This year’s Day of the Dead festivities gave a group of Milwaukee high schoolers the opportunity to study and understand practices and traditions central to their family histories.
At Escuela Verde, a public charter school at 3628 W. Pierce St., vibrant, intricately cut decorative tissue paper strips called papel picado hung from the ceiling, streaming bright pinks, blues and greens in every direction. Flowers made from the same material were scattered across the tables. Upstairs, an altar featured a rainbow of decorations, photos of deceased loved ones and a plate overflowing with loaves of pan dulce. Downstairs, high school students with faces painted with the beautiful skull designs finished final preparations for their Day of the Dead celebration.
“A lot of people misinterpret what Dia de los Muertos is,” said Isabel Castro, a junior at Escuela Verde. Castro and about 20 other students organized an event celebrating the holiday at their school as part of their bilingual class.
“We have students that are of Mexican descent, and they are beginning to explore Day of the Dead differently. Some have seen their parents put up flowers at home, but now they can get into the whys and learn all the different aspects because it’s very traditional,” said Cynthia Gonzalez, faculty adviser for the students’ project.
Gonzalez said that planning and facilitating the event was part of her students’ mission to be “bilingual, biliterate and to explore their biculturalism.”
“Not only are they organizing, but they are mobilizing everyone else around them,” said Nicole Acosta, a local artist who supported the students and co-founded the Day of the Dead parade in Milwaukee with Latino Arts. Acosta taught the students traditional techniques and helped plan activities for their event.
The students engaged their peers in Mexican traditions through four different workshops: building an ofrenda (altar), decorating calaveras (skulls), making cempazuchi flowers (tissue paper marigolds) and discussing the historical significance of the day.
Marylenni Vargas, a freshman at Escuela Verde, found personal significance in creating the ofrenda, complete with photos that students brought in of family members who had died. She said she hoped to honor her late brother because it hurt her to think that the best memories and parts of his life weren’t always remembered.
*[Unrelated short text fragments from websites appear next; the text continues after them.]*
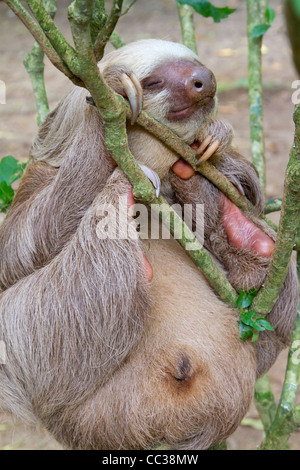 Hoffmann's deux-toed sloth (Choloepus hoffmanni) dormir. Banque D'Images
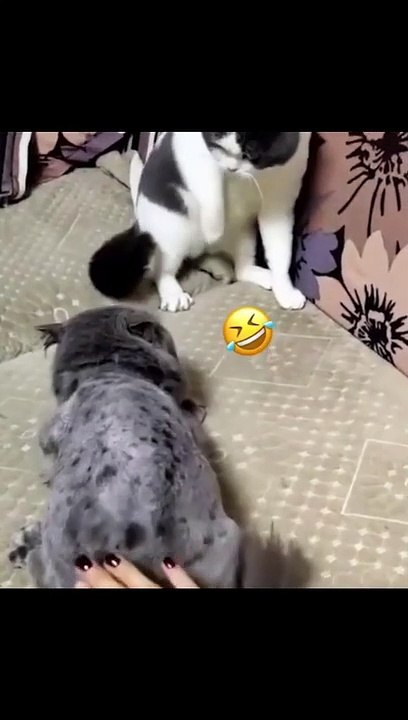 Cat fun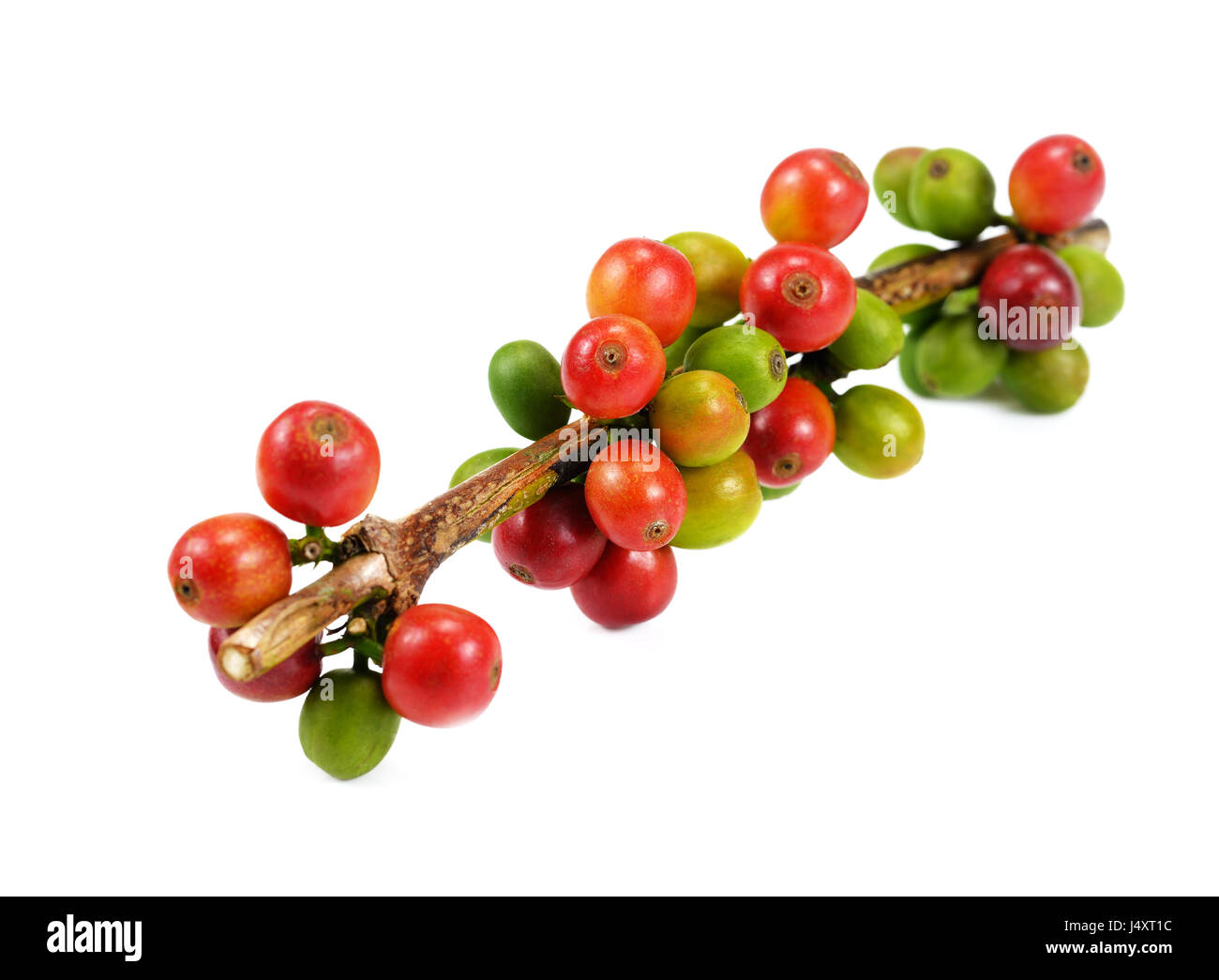 Les grains de café rouge isolé sur fond blanc. Close up de grains de café brut frais Banque D'Images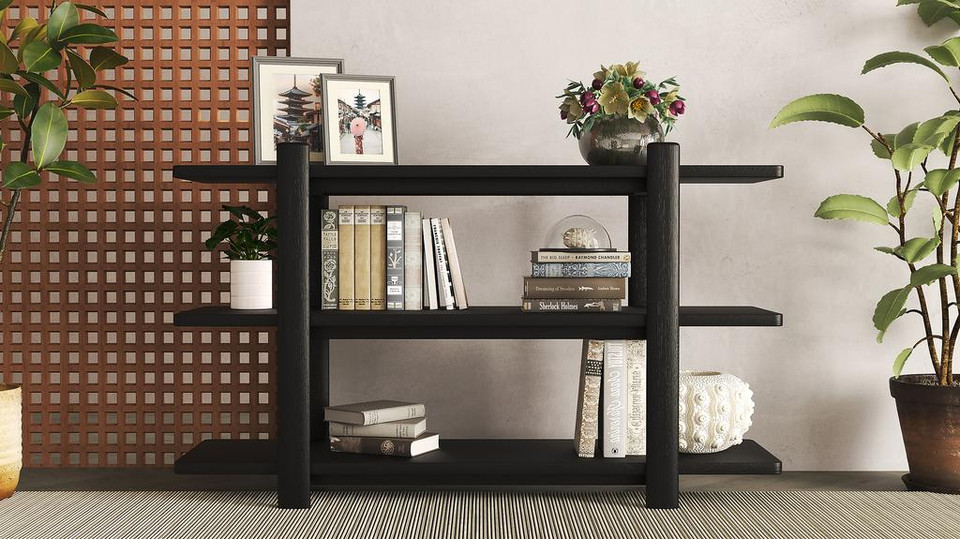 Small bookshelf with plant and art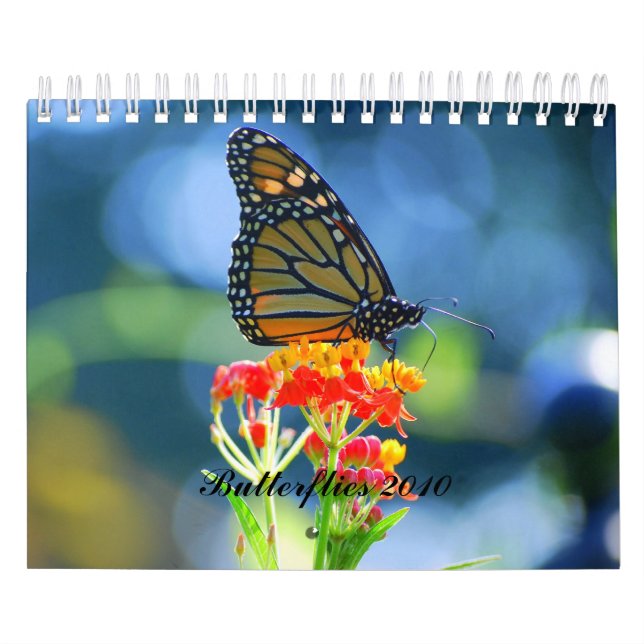 Calendario de las mariposas 2010 (Tapa)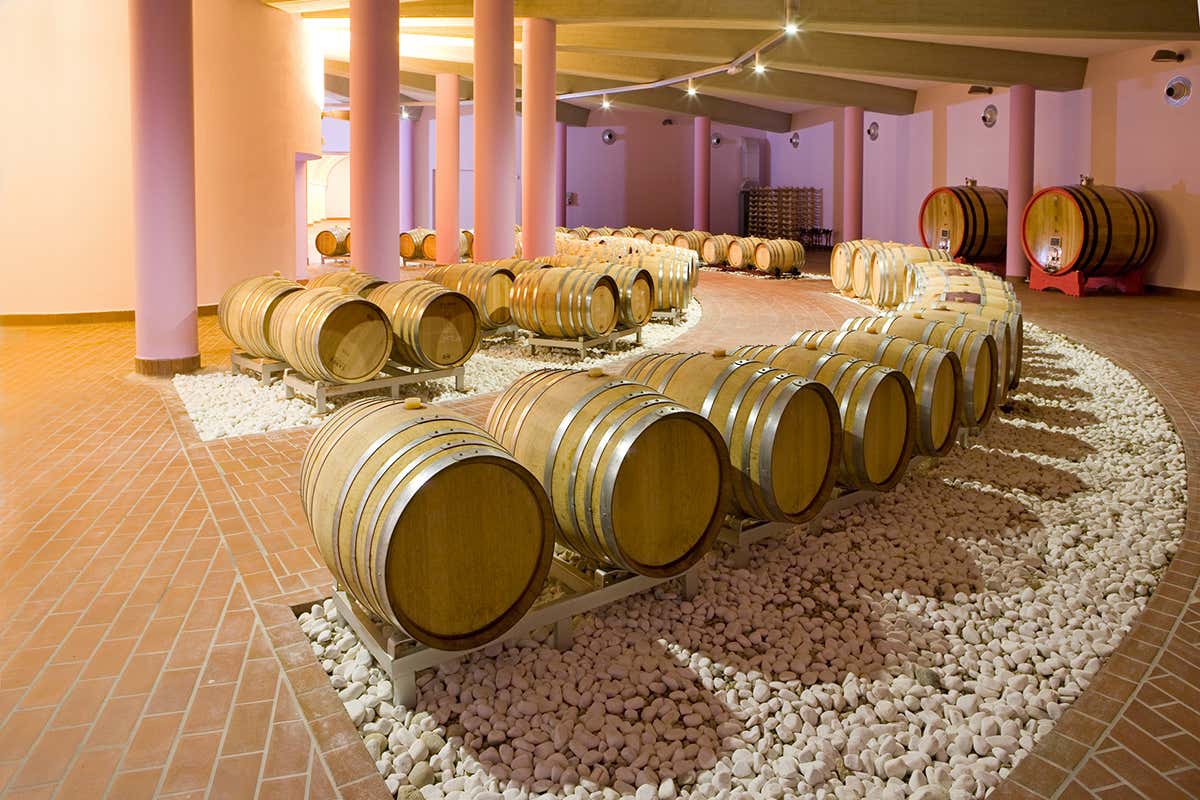 Come i Lugana Dop della cantina Perla del Garda cambiano con gli anni Come i Lugana Dop della cantina Perla del Garda cambiano con gli anni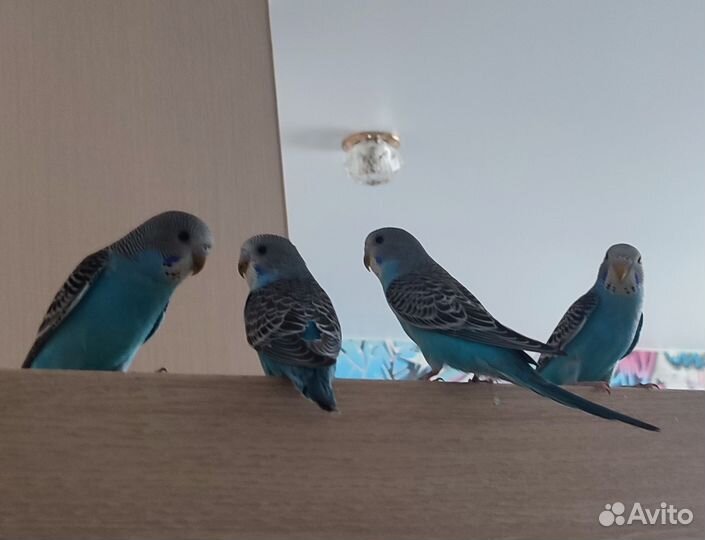 Продам волнистых попугаев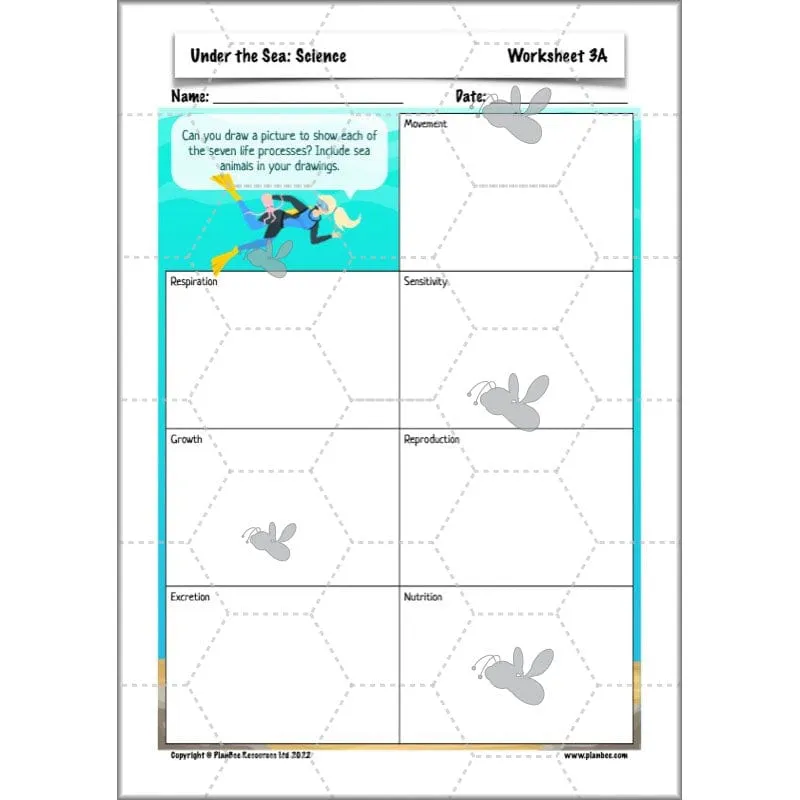 Under the Sea Topic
“It’s a way to value the dead ones and really remember them because most of the time, people just forget about the past,” Vargas said. Acosta said one of the main purposes for the altars is to facilitate healing from loss, especially for a younger generation that has experienced violence.
“It’s pretty powerful if you think about it. It’s a way to cope with what’s happened in the past and to reflect on our lives now and how precious they are,” Castro said.
Activities such as decorating skulls and images such as dancing calaveras brought that point home to the students. “Death in the United States is scary. No one wants to talk about it,” Gonzalez said, explaining the holiday as a way to “celebrate familia.”
The meaning behind the day gave Marysol Bermudez, a junior at Escuela Verde, a new appreciation for her Mexican heritage. “I never really looked at my culture this way,” she said. “I want more youth my age to see how beautiful our culture is because they should appreciate it.”
Acosta said the importance of holding onto and passing on this cultural identity is why she got involved with the event. “Over time, a lot of our identity is erased to become part of this American life, and on the way we lose sight of our roots and where we come from,” she said.
Escuela Verde’s entire student body of about 100 participated in the celebration, and those who organized it are already talking about how to expand the event next year to include other schools and members of their wider community.
“We are the future,” Vargas said. “We will make the tradition even bigger than it is.”